# WHAT THIS TASK INVOLVES
Copy exactly. Include the line containing "Photo ﻿Washing Machine Indesit W 83 T", every line after it, and the last line below, but no pictures.

===== PROVIDED ENTRIES =====

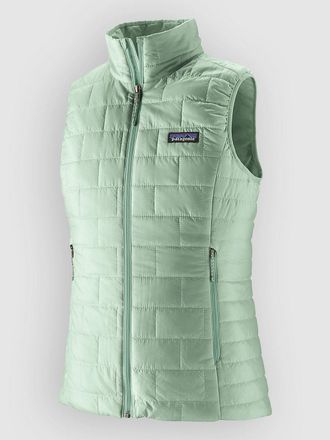 Patagonia Nano Puff Weste blau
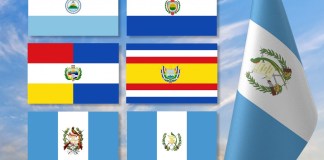 Bandera de Guatemala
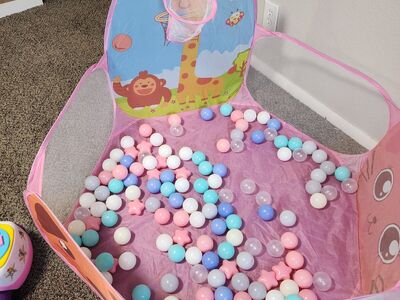 Baby/toddler girl toys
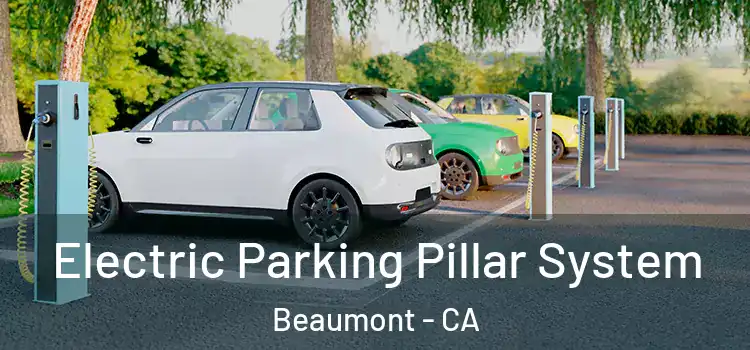  Electric Parking Pillar System Beaumont - CA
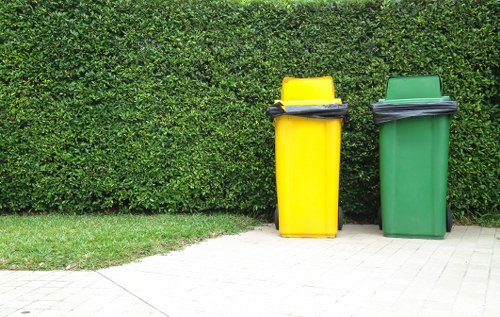 Eco-friendly disposal during loft clearance in Acton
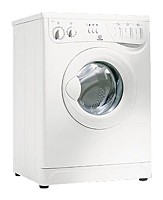 Photo ﻿Washing Machine Indesit W 83 T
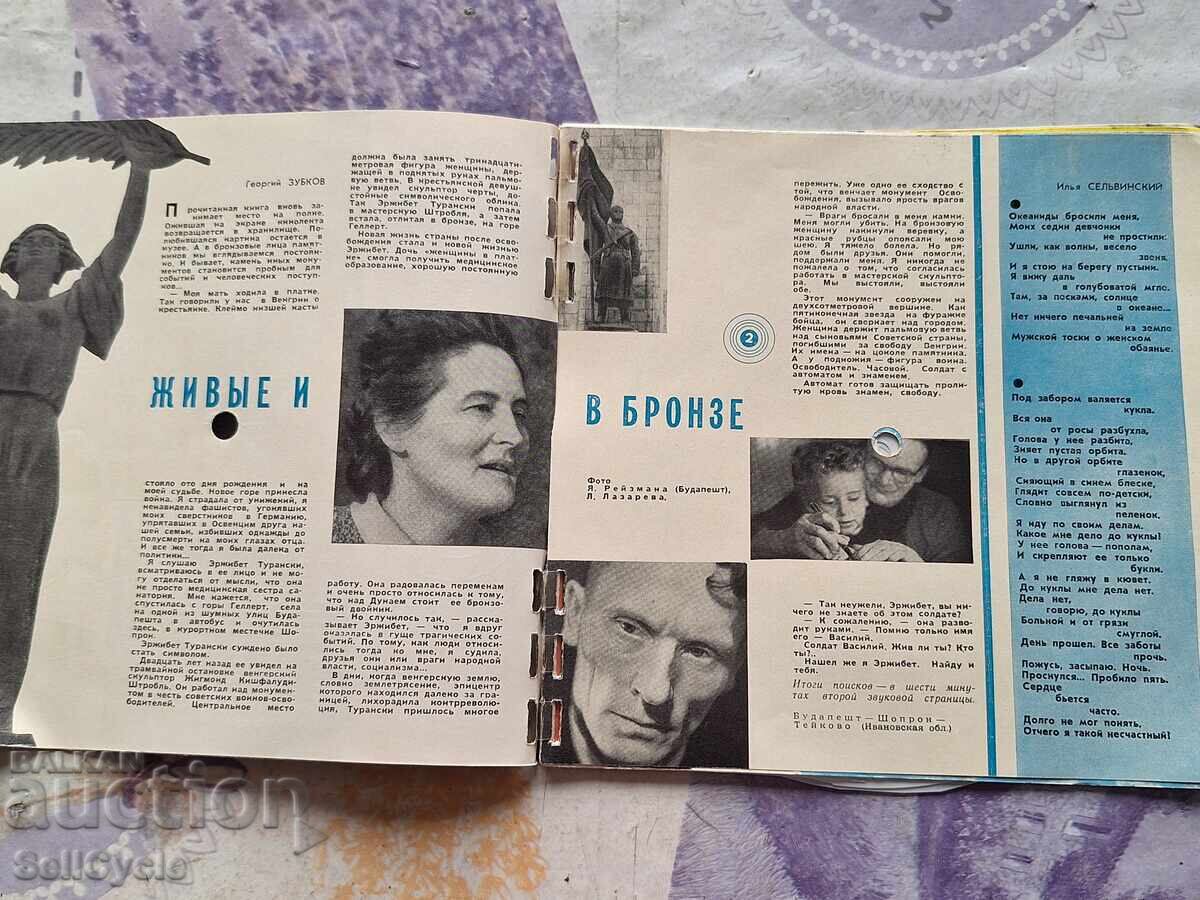 ✅ GRAMOPHONE RECORD COVERS ❗ - 6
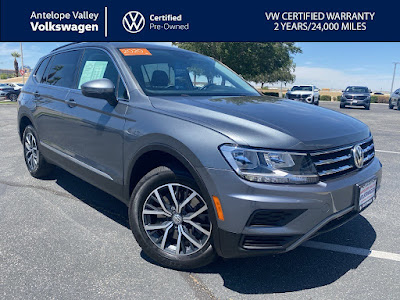 2020 Volkswagen Tiguan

=====

# OUTPUT OF THE EXERCISE
 Photo ﻿Washing Machine Indesit W 83 T
 ✅ GRAMOPHONE RECORD COVERS ❗ - 6
 2020 Volkswagen Tiguan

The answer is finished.